HISTOIRE DU PRINCE AMGIAD ET D’UNE DAME DE LA VILLE DES MAGES
Le prince Amgiad ne sortit pour aller par la ville, pendant un mois entier, qu’en la compagnie du tailleur ; il se hasarda enfin d’aller seul au bain. Au retour, comme il passait par une rue où il n’y avait personne, il rencontra une dame qui venait à lui.
La dame, qui vit un jeune homme très-bien fait et tout frais sorti du bain, leva son voile et lui demanda où il allait, d’un air riant et en lui faisant les yeux doux. Amgiad ne put résister aux charmes qu’elle lui fit paraître. « Madame, répondit-il, je vais chez moi ou chez vous, cela est à votre choix.
« – Seigneur, répondit la dame avec un sourire agréable, les dames de ma sorte ne mènent pas des hommes chez elles, elles vont chez eux. »
Amgiad fut dans un grand embarras de cette réponse, à laquelle il ne s’attendait pas. Il n’osait prendre la hardiesse de la mener chez son hôte, qui s’en serait scandalisé, et il aurait couru risque de perdre la protection dont il avait besoin dans une ville où il y avait tant de précautions à prendre. Le peu d’habitude qu’il y avait faisait aussi qu’il ne savait aucun endroit où la conduire, et il ne pouvait se résoudre de laisser échapper une si belle fortune. Dans cette incertitude, il résolut de se livrer au hasard, et, sans répondre à la dame, il marcha devant et la dame le suivit.
Le prince Amgiad la mena longtemps de rue en rue, de carrefour en carrefour, de place en place, et ils étaient fatigués de marcher, l’un et l’autre, lorsqu’il enfila une rue, qui se trouva
terminée par une grande porte fermée d’une maison d’assez belle apparence, avec deux bancs, l’un d’un côté, l’autre de l’autre. Amgiad s’assit sur l’un comme pour reprendre haleine, et la dame, plus fatiguée que lui, s’assit sur l’autre.
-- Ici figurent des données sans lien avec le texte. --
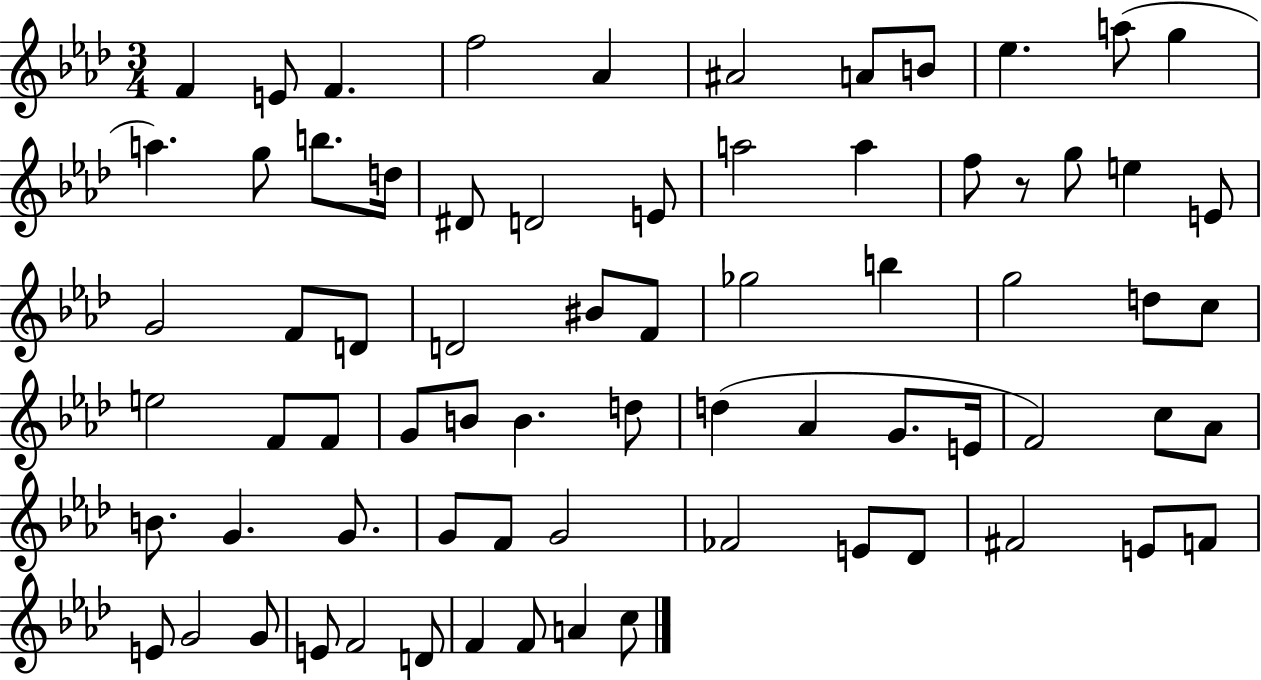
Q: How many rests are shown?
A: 1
Quand la dame fut assise : « C’est donc ici votre maison ? dit-elle au prince Amgiad. – Vous le voyez, madame, reprit le prince – Pourquoi dont n’ouvrez-vous pas ? repartit-elle ; qu’attendez-vous ? – Ma belle, répliqua Amgiad, c’est que je n’ai pas la clef ; je l’ai laissé à mon esclave, que j’ai chargé d’une commission d’où il ne peut pas être revenu. Et comme je lui ai commandé, après qu’il aurait fait cette commission, de m’acheter de quoi faire un bon dîner, je crains que nous ne l’attendions encore longtemps. »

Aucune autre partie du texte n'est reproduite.